ABritish tourist once asked why Lake Louise is so blue and was told by a waggish local that it is drained every so often and the bottom painted. Apocryphal no doubt, but the informant had a point. The truth behind this picture-postcard sight, high in the Canadian Rocky Mountains, is far more intriguing. The lake, front and centre at the five-star Fairmont Chateau Lake Louise, owes its hues to the light-filtering effect of ‘rock flour’ – fine silt-sized particles ground down by glacial erosion, which can be rubbed off rocks picked up from the ground or lake. A shift in the sun turns the turquoise water to emerald.
The lake is only the opener to an unsurpassed view from the hotel.
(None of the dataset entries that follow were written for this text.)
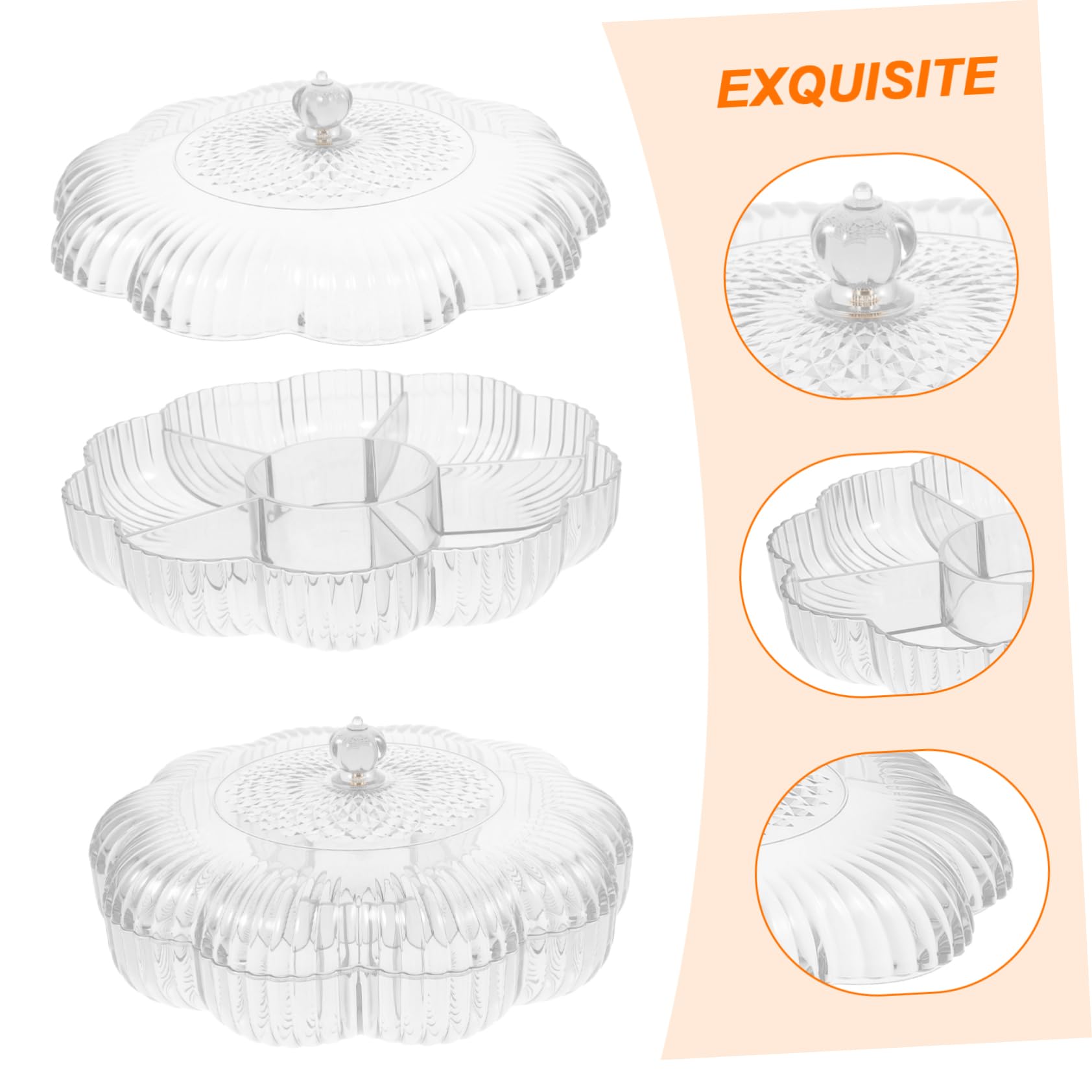 VOSAREA Plateau de Service Apéritif Compartimenté Transparent en Plastique Moderne, Bol à Fruits Réutilisable, Décor Floral, pour Maison et Fête, Plateau Bonbonnière Multifonction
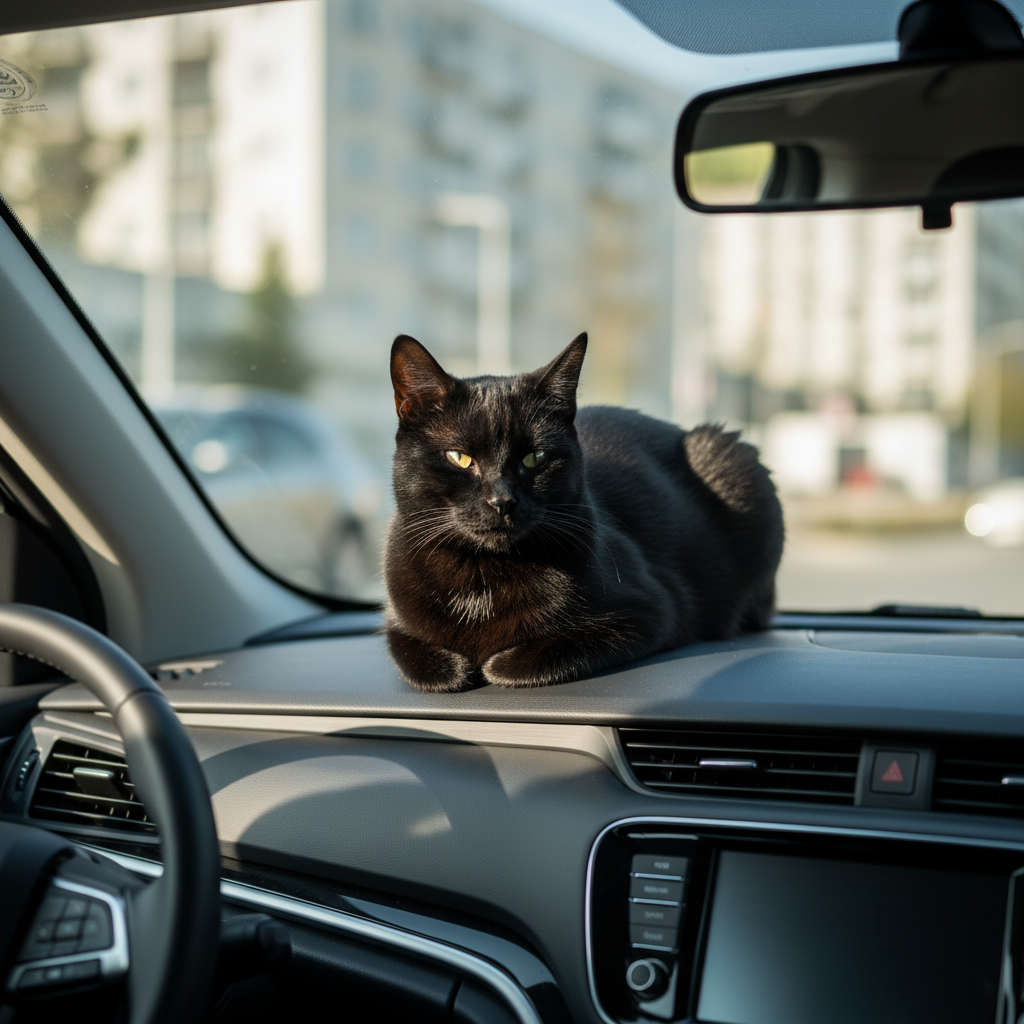 Un chat noir assis tranquillement sur le tableau de bord d'une voiture, regardant par le pare-brise.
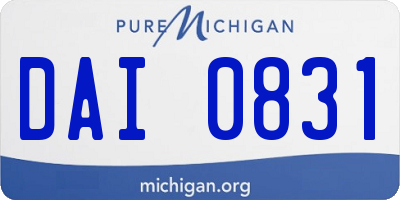 MI license plate DAI0831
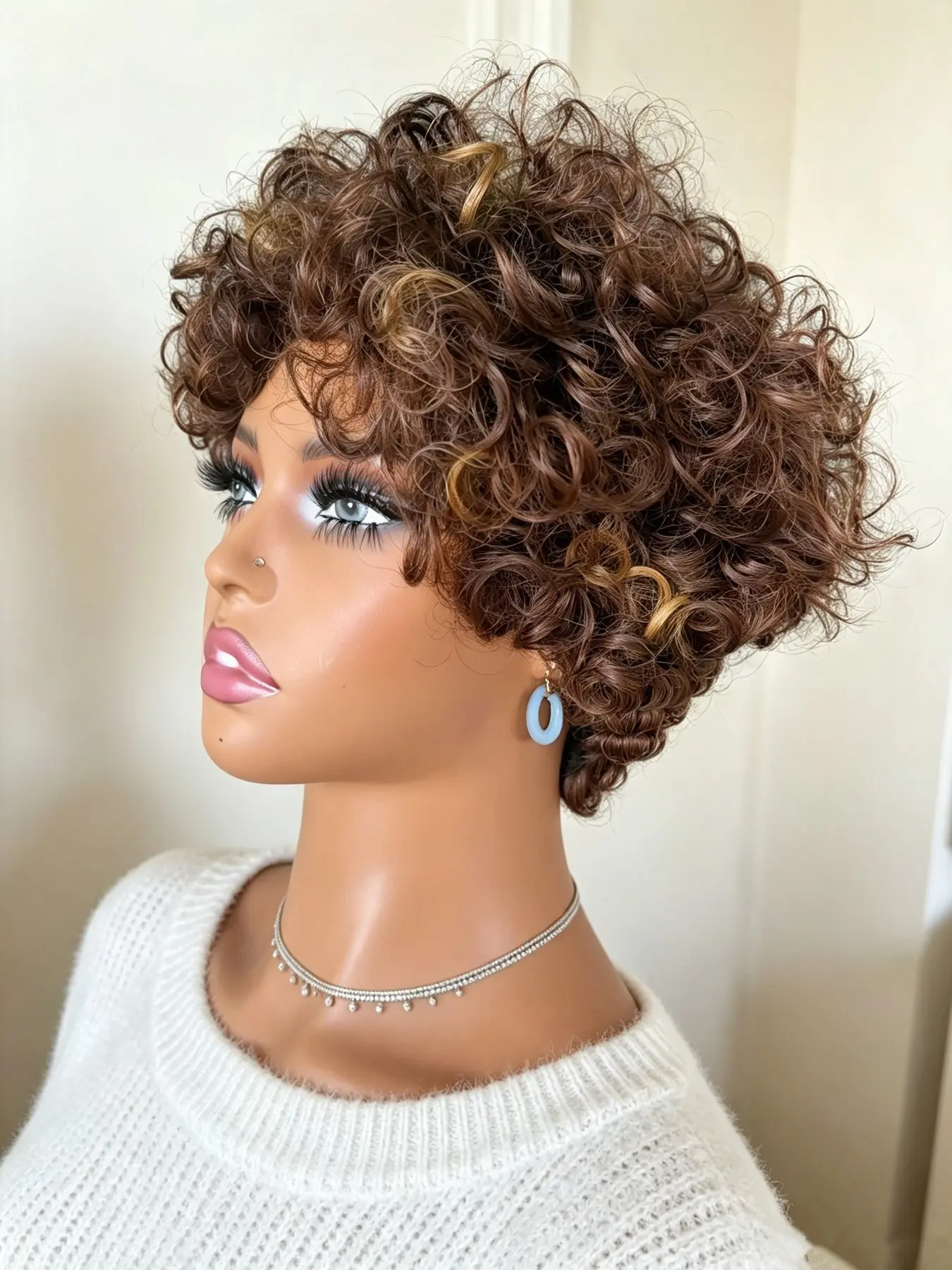 Pixie Wig Short Curly Human Hair Wig, Machine Made Pixie Cut, Women's Daily Party Cosplay Gift Use Wig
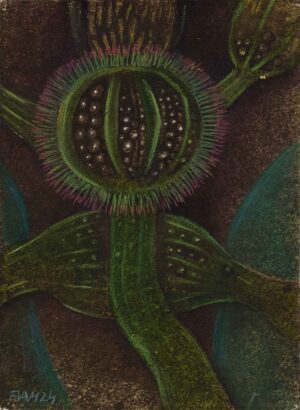 aus der Serie IM MOOR - 2024, Mischtechnik auf Bütten, ca. 20,5 x 15 cm Möseneder Eva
The sparkling 2.5km-long waterway is encased in an arc of ragged, snow-capped peaks.At the far end is a towering cliff topped by the sheer edge of a glacier, a plinth of ice which, if you hear the thunder of bits breaking away, means you missed the visual spectacle by minutes.
Guests young and old take a mountain hike up to Mirror Lake – so called because mountain goats can see their reflections – to a teahouse overlooking Lake Agnes. It’s a climb roughly equivalent to the height of the Empire State Building plus another 20 storeys, passing a waterfall and looking out for bears, cougars, otters and wolves on the way. In summer, you can paddle a canoe on the lake; winter is the time for snowshoeing (walking on snow) in the moonlight.
This is the starter for our journey on the Rocky Mountaineer train, from the timeless, World Heritage-listed Banff National Park to the modern foodie destination of Vancouver. We are in GoldLeaf Service class – the most popular – ensconced in a glass-domed carriage with generous seating upstairs, and an open bar and fine dining below. The poor souls in SilverLeaf must eat in their seats. Such suffering! > The Rocky Mountaineer, one of the world’s great rail journeys, gives travellers easy access to Canada’s iconic landscapes of snow-capped mountains, turquoise lakes and alpine forests. This is the view from Fairmont Banff Springs Hotel.